I'm migrating a product from jffs2 file system to ubifs.
Previous jffs2 design contains 3 mtd partitions ( 2 ro and 1 rw ) .
moving to ubifs - should I create :
Basically I'm asking if I should replace partitions with volumes when moving to ubifs ? ( my understanding that ubi layer will manage entire flash if doing so )
Thanks, Ran
The MTD subsystem defines a method for storing partition information on the Flash device itself, similar in concept to a partition table on a hard disk. In the case of the Redboot partitions, the developer reserves and specifies a Flash erase block that holds the partition definitions.
UBI is a separate software layer which may be found in drivers/mtd/ubi. UBI is basically a volume management and wear-leveling layer. It provides so called UBI volumes which is a higher level abstraction than a MTD device.
An UBI volume is a set of consecutive logical eraseblocks (LEBs). Each logical eraseblock is dynamically mapped to a physical eraseblock (PEB). This mapping is managed by UBI and is hidden from users and higher-level software.
Memory Technology Device (MTD) is the name of the Linux subsystem that handles most raw flash devices, such as NOR, NAND, dataflash, and SPI flash. It provides both character and block access to these devices, as well as a number of specialized filesystems.
The options exist and here are the benefits...
One mtd partition and 3 volumes
The UBI layer will manage the volume. This is a flash virtualization layer that transforms unreliable flash into reliable memory. The UBI layer does wear leveling. Even for read-only data it is beneficial to re-write the data occasionally. This will recharge floating gates, etc so that the data remains readable for longer. For the read-write data it is highly beneficial for longevity. The UBI wear leveling will take place across all volumes. This substaneously increases the erase-write cycles that the file system can handle.
3 mtd partitions, 1 volume each
This is usually less desirable, but there are benefits and it maybe suitable to some users. Mainly having a separate partition increases reliability of mounting a single volume. If something happens to the single MTD partition, then your entire flash might become unuseable. By having seperate MTD partitions, a read-only MTD/UBI/UbiFS system may be useable when the read write filesystem failed.
This really is more beneficial for a 3rd option,
multiple MTD with mixed file systems.
It is possible to put CramFS, RomFS in some flash devices where a device block is gaurenteed reliable by a manufacturer. This maybe a boot file system that is all that is required for a system to minimally function. The tools for manipulating these partitions are quite simple (compared to UBI/UbiFS) and can be implemented in minimal code space. Some systems have large DDR with smaller on-chip SRAM. Loaders/flashes may have restricted code space.
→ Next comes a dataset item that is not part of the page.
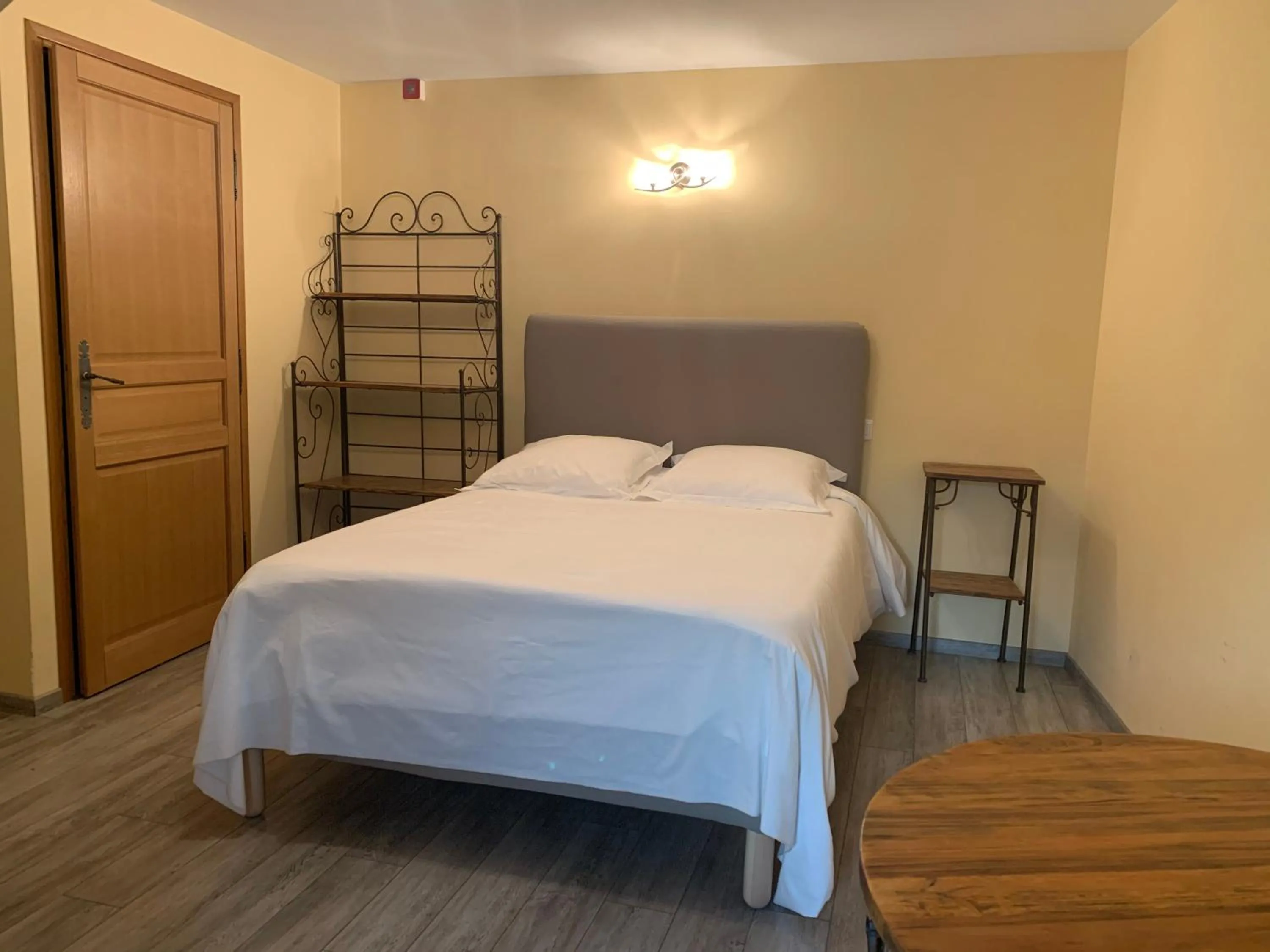 Double Room - Disability Access in Domaine d'Auxonnettes Chambres d'Hôtes et Gîtes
That said, recently (last two years) the mtd-utils contains UBI parsing code. This might be need to be ported to a flasher, recovery code, etc. Recovery code might be in an attached initrd partition, which does mounting/fail-safe recover of the UBI/UbiFS partitions.
u-boot contains code to manage and manipulate UBI/UbiFS code and it use a two phase boot (running from internal SRAM, configuring DDR and then migrating) on many platforms to have rich functionality in a boot loader. u-boot itself will need to be on another device OR in a separate MTD as per above.
The 2nd option 3 mtd partitions, 1 volume each is probably the least likely/desirable. The first will favour system/flash life time. The last will offer simplicity of higher reliability/recovery. The best will depend on what the data is on the partitions and the non-linux resources you have available to recover data. The happy medium is to give as much NAND flash space as possible to UBI and use volumes when you want logical partitioning.
Usually, I would question why to use volumes at all and just put all the data together in such a case, but again it depends on the nature of the data.